┌─ Given data

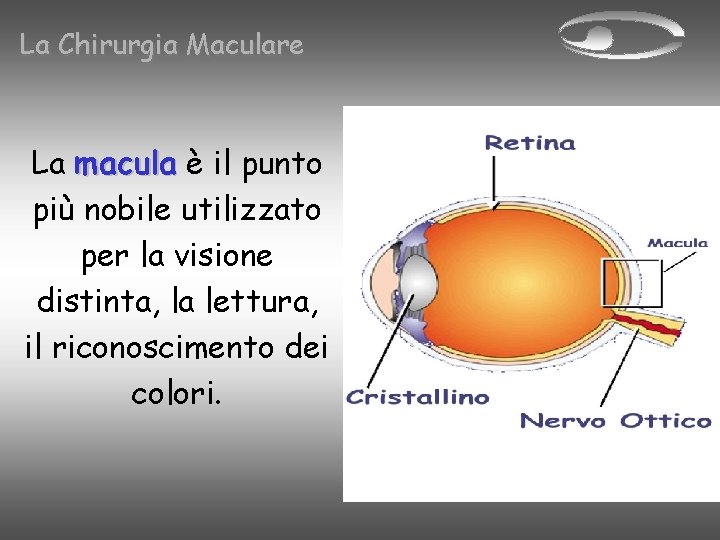 La Chirurgia Maculare La macula è il punto più nobile utilizzato per la visione
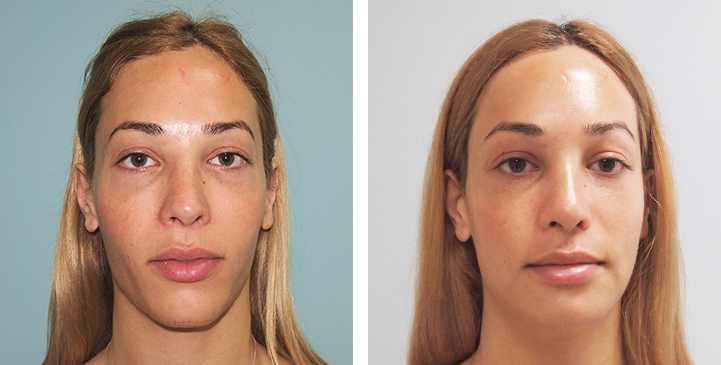 Before and After 1 month surgery, Forehead Compression, Chin Reduction, Jaw Reduction, Rhinoplasty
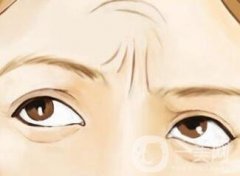 抬頭紋手術(shù)價(jià)格貴嗎?大概要多少錢?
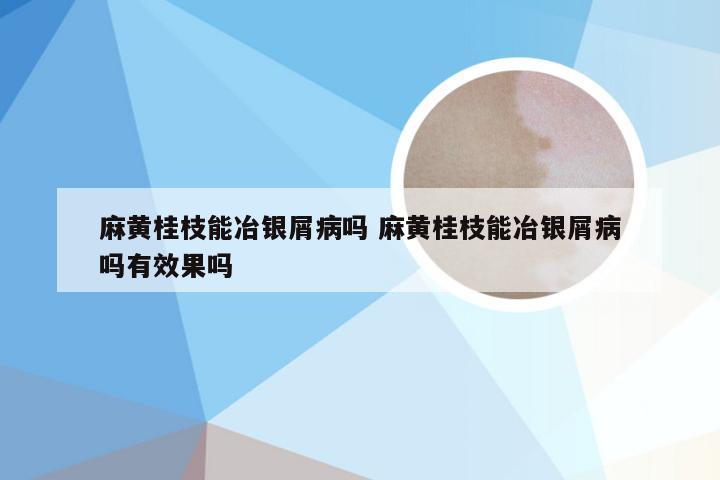 麻黄桂枝能冶银屑病吗 麻黄桂枝能冶银屑病吗有效果吗
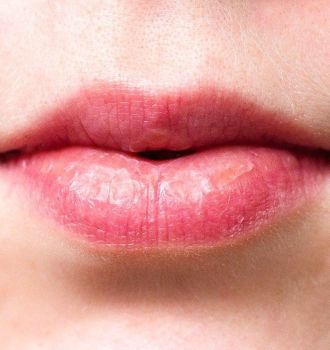 Wrinkles Above the Lips: The Best Treatments & Prevention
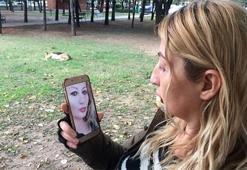 Güzellik uğruna kaybettiği alt dudağı eskisi gibi olmayacak
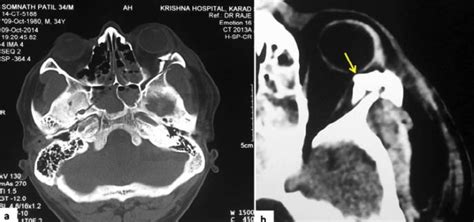 CT (axial cuts) scan (a) showing blow-in fracture of left lateral wall ...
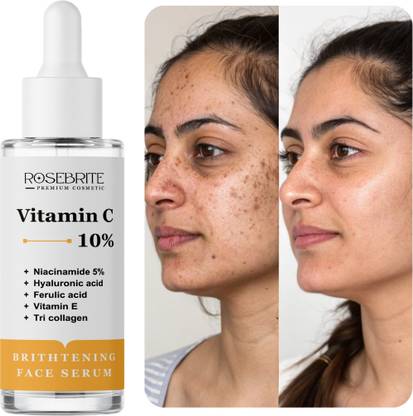 RoseBrite Vitamin C + Niacinamide Face Serum – With HA, Ferulic Acid, Vitamin E & Collagen to Hydrate, Brighten & Improve Texture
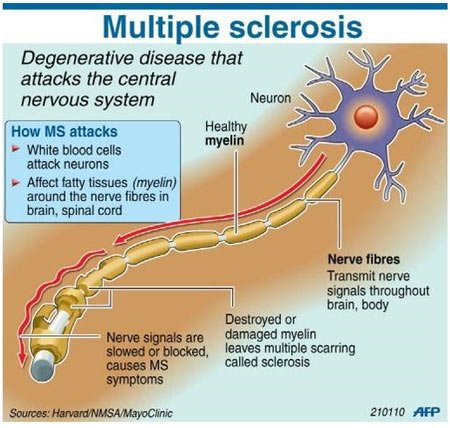 Multiple-Sclerosis-pill1.jpg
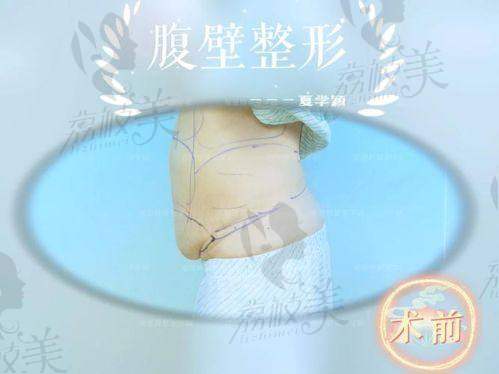成都腹壁成形术做得好的医生排名榜揭晓，哪位医生能帮你实现腹壁逆袭？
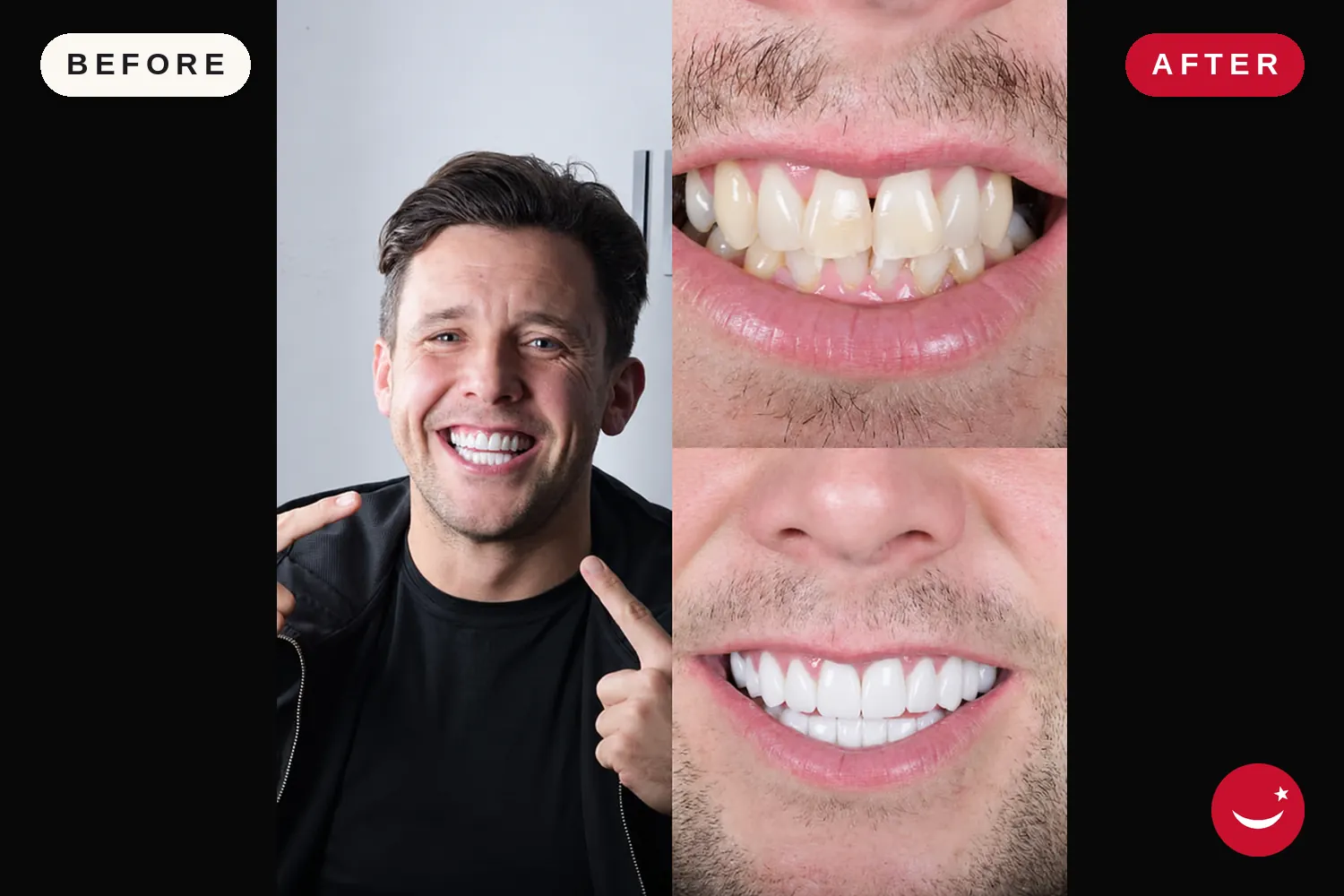 Porcelain veneers in Turkey: before and after at Doctor Turka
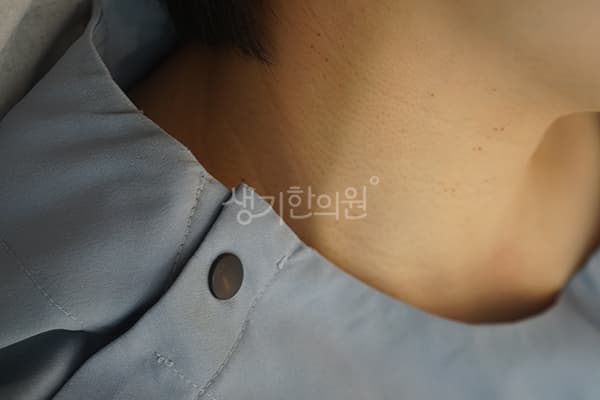편평사마귀 치료 전 사진 — 부산센텀점, 치료 기간 3개월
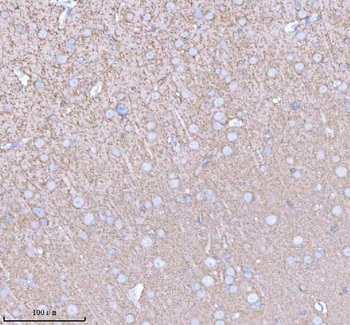 Anti-PACSIN1 Antibody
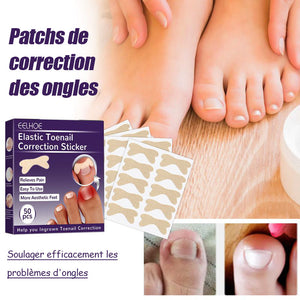 Patchs de correction des ongles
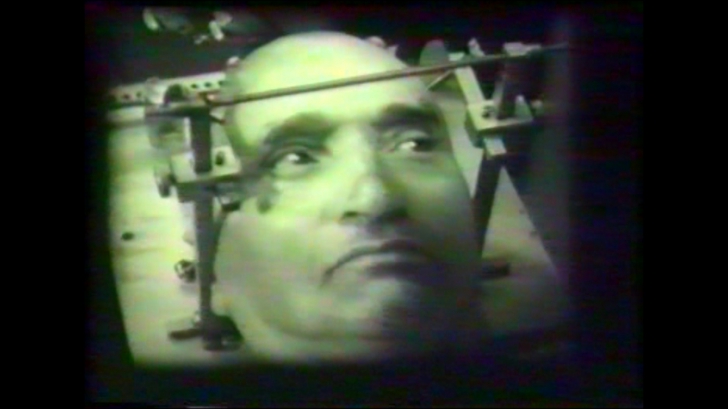 Imagini spectaculoase, în premieră, din timpul primei operații pe creier de acum 40 de ani.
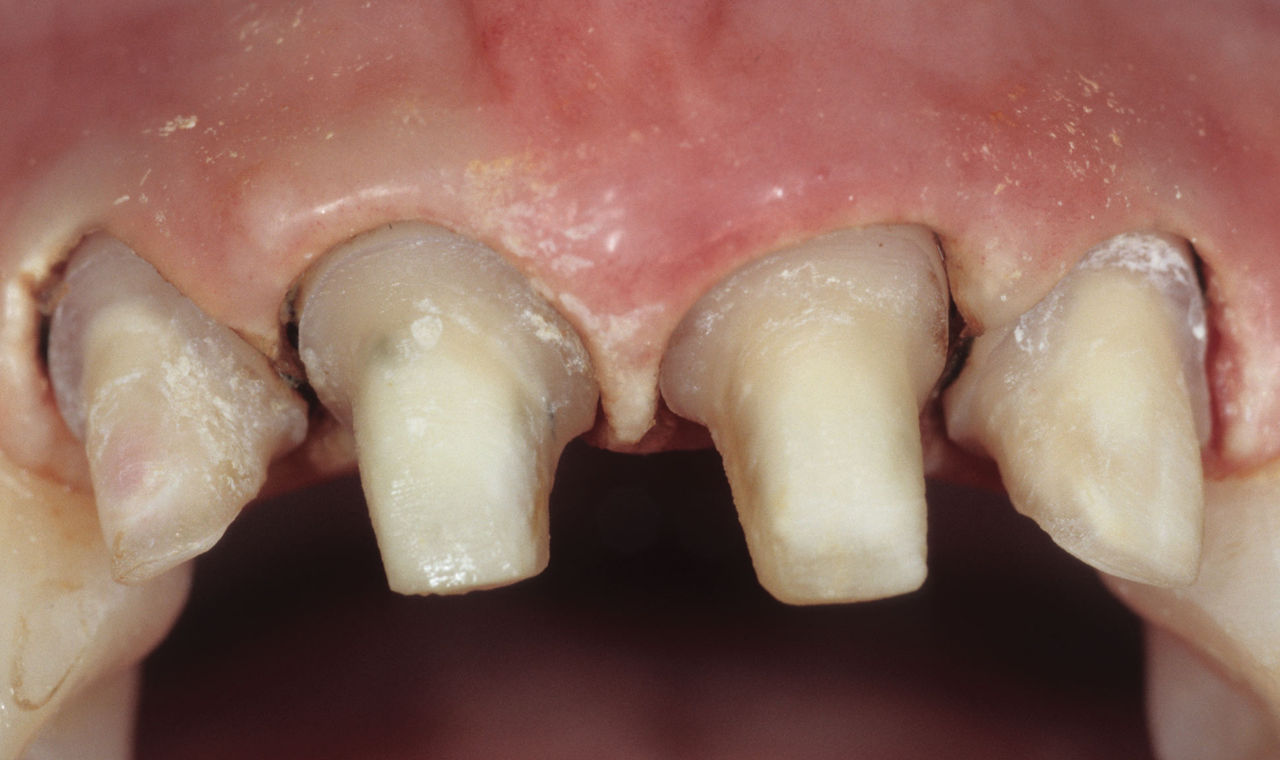 Clinical Techniques in Prosthodontics main image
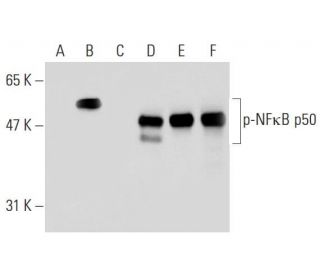 western blotting image from recommended p-NFκB p50 (A-8) monoclonal antibody replacement. Image 130261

└─

All that is required is an exact reproduction of the lines from the one containing "Before and After 1" to the final line of the listing above, pictures omitted.

Answer area:
 Before and After 1 month surgery, Forehead Compression, Chin Reduction, Jaw Reduction, Rhinoplasty
 抬頭紋手術(shù)價(jià)格貴嗎?大概要多少錢?
 麻黄桂枝能冶银屑病吗 麻黄桂枝能冶银屑病吗有效果吗
 Wrinkles Above the Lips: The Best Treatments & Prevention
 Güzellik uğruna kaybettiği alt dudağı eskisi gibi olmayacak
 CT (axial cuts) scan (a) showing blow-in fracture of left lateral wall ...
 RoseBrite Vitamin C + Niacinamide Face Serum – With HA, Ferulic Acid, Vitamin E & Collagen to Hydrate, Brighten & Improve Texture
 Multiple-Sclerosis-pill1.jpg
成都腹壁成形术做得好的医生排名榜揭晓，哪位医生能帮你实现腹壁逆袭？
 Porcelain veneers in Turkey: before and after at Doctor Turka
편평사마귀 치료 전 사진 — 부산센텀점, 치료 기간 3개월
 Anti-PACSIN1 Antibody
 Patchs de correction des ongles
 Imagini spectaculoase, în premieră, din timpul primei operații pe creier de acum 40 de ani.
 Clinical Techniques in Prosthodontics main image
 western blotting image from recommended p-NFκB p50 (A-8) monoclonal antibody replacement. Image 130261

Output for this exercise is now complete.